As in the screenshot below illustrates, the top window shows system-level information and the bottom one process information.
|Atop in Action|
The lines in the top window show:
- PRC: Total CPU time in system and user mode, total number of processes and of zombie processes, and the number of processes that exited during the polling interval. The default polling interval is 10 seconds. Use 'i' to change it interactively or 'z' to pause it.
- CPU and CPL: CPU utilization and load (averaged over 1, 5 and 15 minutes).
- MEM and SWP: Amount of memory and swap space that is available and where it's allocated. vmcom and vmlim show how much virtual memory space is committed and what the limit is.
- DSK: disk utilization. avio shows the average number of milliseconds per request.
- NET: Network utilization for the TCP layer ("transport"), the IP layer ("network") and each interface.
All of these use color to indicate if there are any problems.

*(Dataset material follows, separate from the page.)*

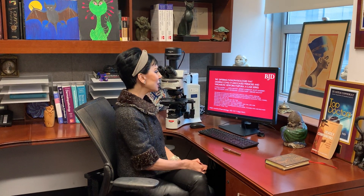Good morning. My name is Cynthia Magro. I'm going to be discussing our recent British Journal of Dermatology paper entitled, The Differing Pathophysiologies That Underlie COVID-19 Associated Perniosis and Thrombotic Retiform Purpura, a case series.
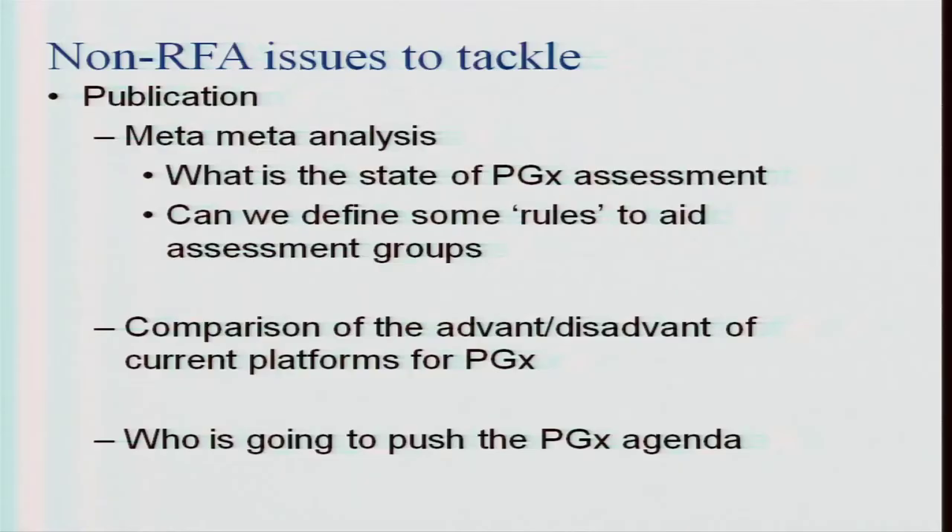Right now you get a lot of feedback from people who are disgruntled and use this as an excuse. It would be nice to define some of the rules to aid these groups. The second area is looking at the advantages and disadvantages of current platforms for pharmacogenetics. There are a number of platforms out there; this might be done best with the sequencing group. We're starting to learn a lot about the nuances of where they're useful and where they're not. There are many general laboratorians doing molecular diagnostics at mid-to-small size centers who are getting into this space, taking off-the-shelf products.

The bottom window shows active processes (use 'a' to toggle showing all processes). 'g' shows the default process information, or use 'm' to show memory information. VGROW and RGROW on the memory information screen show the increase in virtual and memory usage during the polling interval; check the man page for further information about other columns. Note that you can also kill a process from here by hitting 'k'.
There are various other top-alike programs out there for other resources. Try iftop, for example, to take a look at your network interface statistics! Or htop to get top information in colour and with scrolling.